Could I get some help with how to analyze the performance of my code? I know I can make reports for FPGAs, but what do I do for GPUs to analyze my code?
Is there a better way to get performance output other than reports?
Please try this and let us know whether it helps: https://software.intel.com/content/www/us/en/develop/documentation/vtune-help/top/analyze-performance/code-profiling-scenarios/gpu-application-analysis.html
Thanks for reaching out to us.
There are some more links which you could refer,
Thank you so much guys for the quick reply! VTune seems like a very helpful tool! Unfortunately, I am unable to run it.
I am programming in DevCloud, and i went to install-dir/vtune/version/env/vars.sh. I sent in the command source vars.sh. After this, I am expecting that it should run the command vtune-gui, but for some reason it isn't. I get the following error:
vtune-gui: error while loading shared libraries: libnss3.so: cannot open shared object file: No such file or directory
Could you help me figure this out?
EDIT: I get this error when i try to run the matrix multiply application. What can I do here?
vtune: Warning: Analysis result will not show the detailed GPU Utilization. See GPU Utilization help topic for more details.
Events for detailed GPU utilization analysis can be collected for Intel GPUs only.
vtune: Error: Cannot collect GPU hardware metrics due to a lack of permissions. Use root privileges (recommended) or re-configure your current permissions to make sure you are a member of the video user group and /proc/sys/dev/i915/perf_stream_paranoid value is set to 0.
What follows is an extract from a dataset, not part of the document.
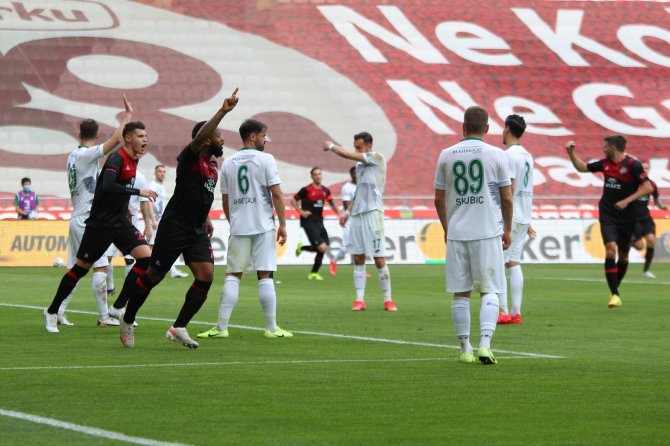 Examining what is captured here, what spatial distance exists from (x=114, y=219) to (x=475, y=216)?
168 inches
vtune: Warning: Access to /proc/kallsyms file is limited. Consider changing /proc/sys/kernel/kptr_restrict to 0 to enable resolution of OS kernel and kernel module symbols.
For collecting gpu hotspots please use the below syntax
vtune -collect gpu-hotspots [-knob <knobName=knobValue>] -- <target> [target_options]
Please refer the below links for more information.
If you face any further issue please let us know.
Regarding your first query, the Intel(R) DevCloud is a cluster with no windows subsystem. By design GUI applications won't work.
You could use VTune as a web server in addition to the classic desktop usage model.
Please find the below link for more information.
Hope this helps.
That was very helpful! Thank you so much!
EDIT: I went over the links, they have the same steps for the matrix multiply code. They want me to run the code: vtune -collect gpu-hotspots -- ./matrix.dpcpp. However, when I run it I get the error of: vtune: Error: Cannot collect GPU hardware metrics due to a lack of permissions. Is there something I can do about this?
Make sure that you are login into a node with gpu on DevCloud.
You can request a node with GPU on the DevCloud using the below command
qsub -I -l nodes=1:gpu:ppn=2 -d .
Hope this helps. If you face any issue please let us know.